Hi my name is Addison

Russel puts his hand on her face.

RUSSEL

Hi Addison, I’m Russel, remember me? Everything will be ok Addison.

The Overseer seems confused, suddenly starts crying.

OVERSEER

Russel...Russel? Please help me. My name is Sabrina Kern. I don’t know what’s going on anymore.

Russel and Addison hug, both in tears now.

RUSSEL

How? How can I help you? What can I do?

The overseer suddenly, as if in a trance, wakes up and looks at Russel puzzled..Holds out her hand for him.

OVERSEER

Hi, my name is Addison. Who are you?

………

aaand “CUT” – the director yells, his voice slicing through the tension in the room.

Sounds like a scene from a movie with Russell and Sabrina being two thoroughly involved actors and comitted scene partners. Right? They work powerfully off of each other and are incorporating all the notes from the director, some of which they were told just minutes before and there’s a camera man standing just inches from their faces…Except…Not. This is not a movie, there’s no camera man, and one of them is not even an actor. In fact, for one of them this is REAL. Or maybe..just maybe..it’s real for both of them.

I was thinking about this essay for a long time. What angle do I take on to talk about this journey when I have so much to say and endless thoughts and stories running through my mind. Some would think it’s easy to write an essay on something you love so dearly, something that you did for 7 months straight, but it turned out to be much more difficult to find the right words. There’s so many things that are different about this acting experience than any of my previous ones. The one that stands out the most to me was the “blurring of lines”, which is what I want to talk about here. In my opinion, it’s one of the coolest aspects of immersive theater. I even feel weird calling this immersive theater, because the world that Darren Bousman created here is so much more than immersive theater. It’s art , it’s life, it’s a game, it’s a dream world and it’s pure chaos. And that description already embraces those blurring of lines. It’s art yes, it’s just a game yes, but it’s also actual life, the creation of an entire world that is oh-so-real to the participants, the actors and yes even the creators.

The scene above is one of countless scenes that I had the honor and pleasure to be a part of during my journey with Tension. There was constant wonder on the side of the participants wether this was real or “just” theater, just actors acting. And quite frankly, sometimes I wasn’t quite sure either. It almost became like a game between the creators, the actors and the participants. You never knew who believed what and what everyone was really thinking. But what was obvious is that everyone cared. Cared about the story, the world of tension and the characters of tension.

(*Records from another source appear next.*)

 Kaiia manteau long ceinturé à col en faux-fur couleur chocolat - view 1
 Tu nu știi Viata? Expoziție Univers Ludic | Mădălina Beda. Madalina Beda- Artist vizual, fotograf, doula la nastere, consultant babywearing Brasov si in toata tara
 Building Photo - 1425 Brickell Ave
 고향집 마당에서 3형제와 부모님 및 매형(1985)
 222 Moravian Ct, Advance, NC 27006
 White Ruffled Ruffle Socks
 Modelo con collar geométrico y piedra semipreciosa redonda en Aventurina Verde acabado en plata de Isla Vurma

 And having real people connect with the character you were given and watching them have real emotions because of that character is probably the most exciting, strange and beautiful things that can happen to any actor. Truly. There were times were I would get emotional myself because of the interactions with the participants. I don’t think they realize how much they impacted all of us too, it certainly wasn’t just a one way street. Again, they were like perfect scene partners and didn’t hold back. There were several times when grown men and women cried in front of me, because of me or with me.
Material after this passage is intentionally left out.